When you reach that 28th week of pregnancy you are finally in that last “home stretch”. By this time all that extra weight that you may have gained will be putting a lot of added pressure on your body which could end up giving you back pain. At this time your ligaments are now starting to loosen up to get ready for the birthing process which may cause you discomfort in your hips or pelvis.

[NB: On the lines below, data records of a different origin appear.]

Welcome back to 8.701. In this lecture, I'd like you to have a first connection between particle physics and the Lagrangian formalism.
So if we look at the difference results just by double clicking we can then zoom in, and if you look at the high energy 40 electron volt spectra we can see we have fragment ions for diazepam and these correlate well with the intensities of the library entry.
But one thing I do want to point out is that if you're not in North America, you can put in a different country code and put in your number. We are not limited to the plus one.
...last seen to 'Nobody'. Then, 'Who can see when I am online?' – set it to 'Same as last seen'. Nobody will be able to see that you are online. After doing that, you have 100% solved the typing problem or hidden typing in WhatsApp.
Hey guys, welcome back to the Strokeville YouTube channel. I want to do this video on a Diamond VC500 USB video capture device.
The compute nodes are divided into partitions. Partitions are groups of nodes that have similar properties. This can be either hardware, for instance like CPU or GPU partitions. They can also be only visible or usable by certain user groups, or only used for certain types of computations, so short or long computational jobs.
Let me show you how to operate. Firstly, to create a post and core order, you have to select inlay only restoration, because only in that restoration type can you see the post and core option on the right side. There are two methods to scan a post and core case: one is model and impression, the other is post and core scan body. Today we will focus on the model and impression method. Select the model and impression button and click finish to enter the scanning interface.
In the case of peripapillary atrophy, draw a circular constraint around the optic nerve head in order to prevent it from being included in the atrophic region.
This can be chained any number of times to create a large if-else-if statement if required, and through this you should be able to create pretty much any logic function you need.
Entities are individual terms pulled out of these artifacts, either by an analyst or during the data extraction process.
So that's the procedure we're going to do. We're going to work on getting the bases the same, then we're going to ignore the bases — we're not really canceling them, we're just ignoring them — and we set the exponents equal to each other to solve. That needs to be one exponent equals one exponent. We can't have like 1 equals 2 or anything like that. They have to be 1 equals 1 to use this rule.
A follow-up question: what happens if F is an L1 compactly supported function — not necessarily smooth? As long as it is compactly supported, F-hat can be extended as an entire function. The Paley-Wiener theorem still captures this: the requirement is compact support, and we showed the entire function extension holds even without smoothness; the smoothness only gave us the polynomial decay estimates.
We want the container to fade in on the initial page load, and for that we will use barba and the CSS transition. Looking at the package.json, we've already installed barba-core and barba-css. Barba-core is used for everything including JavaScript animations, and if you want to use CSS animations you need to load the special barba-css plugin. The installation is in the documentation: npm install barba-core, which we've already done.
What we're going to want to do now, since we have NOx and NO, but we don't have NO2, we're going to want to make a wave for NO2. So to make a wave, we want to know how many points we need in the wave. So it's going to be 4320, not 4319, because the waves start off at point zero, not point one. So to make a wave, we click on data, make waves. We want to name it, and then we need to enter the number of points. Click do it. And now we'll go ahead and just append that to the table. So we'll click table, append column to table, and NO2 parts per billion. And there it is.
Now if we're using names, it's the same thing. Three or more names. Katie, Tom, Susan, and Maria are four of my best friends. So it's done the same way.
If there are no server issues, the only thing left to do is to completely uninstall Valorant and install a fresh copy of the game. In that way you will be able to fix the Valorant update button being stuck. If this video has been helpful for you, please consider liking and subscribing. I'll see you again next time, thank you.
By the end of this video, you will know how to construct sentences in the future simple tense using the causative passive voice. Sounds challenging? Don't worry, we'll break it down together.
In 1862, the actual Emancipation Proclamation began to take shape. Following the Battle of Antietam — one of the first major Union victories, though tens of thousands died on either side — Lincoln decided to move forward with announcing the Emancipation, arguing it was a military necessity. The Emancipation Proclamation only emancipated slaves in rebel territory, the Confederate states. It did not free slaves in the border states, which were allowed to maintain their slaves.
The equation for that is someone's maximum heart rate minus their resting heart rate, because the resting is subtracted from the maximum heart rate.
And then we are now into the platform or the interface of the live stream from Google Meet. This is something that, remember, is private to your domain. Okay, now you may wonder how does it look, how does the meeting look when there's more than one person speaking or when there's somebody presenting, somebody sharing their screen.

One of the best and easiest ways to avoid or get relief from this is to focus on having proper posture. Standing, sitting, and walking upright, with shoulders back and ears aligned with the shoulders is good posture to have all around, even when not pregnant. Another easy fix could be getting fitted to wearing a properly sized and supported bra. In this last trimester, the breasts are fuller and getting ready with colostrum for when baby arrives. Wearing a bra that doesn’t give good support or coverage can be a cause of back pain.
We all know each person and each pregnancy is different. So just like every other case, each protocol and action of care is different. About a year ago, I was in my third trimester of pregnancy anxious for my little bundle of joy to arrive. I had an amazing pregnancy, with very little complaints. I don’t have any other pregnancies to compare it to, but I can say that I did do a lot of preventative rehab. I feel that staying fit while I was pregnant led me to having a pretty easy pregnancy and a good recovery. I stretched every day. My drive to work consisted of sitting in stop and go traffic for about an hour, and at that stage of pregnancy I would get to work with tight hip flexors. Two minutes of a kneeling or standing lunge hip flexor stretch would give me relief. I also made sure to stretch my hamstrings, piriformis, adductors, and calves.
Another great stretch we like to teach sitting on a physio ball. Posterior pelvic tilts and circles are great to open up the hips and loosen the low back. When doing this you want to make sure to move mainly in the hips while keeping the torso still, sort of like a hula dancer or like you are dancing to Sir Mix-A-Lot’s “Jump on It”. Sitting on the physio ball is also a good position to practice engaging transverse abdominals and the pelvic floor muscles. I highly recommend to all our pregnant patients to get a physio ball for home. Even when I wasn’t doing any stretches or exercises on it, just sitting on the ball would give my hips and pelvis relief.
These are just a few of my favorites, and like I mentioned earlier, every pregnancy is different. If you are experiencing any pain while pregnant or simply want to practice preventative rehab, PT/Rehab at OSR can help personalize a plan of care that is right for you that could consist of an exercise program, chiropractic adjustments, kinesiotaping, trigger point therapy, approved modalities, and/or massage.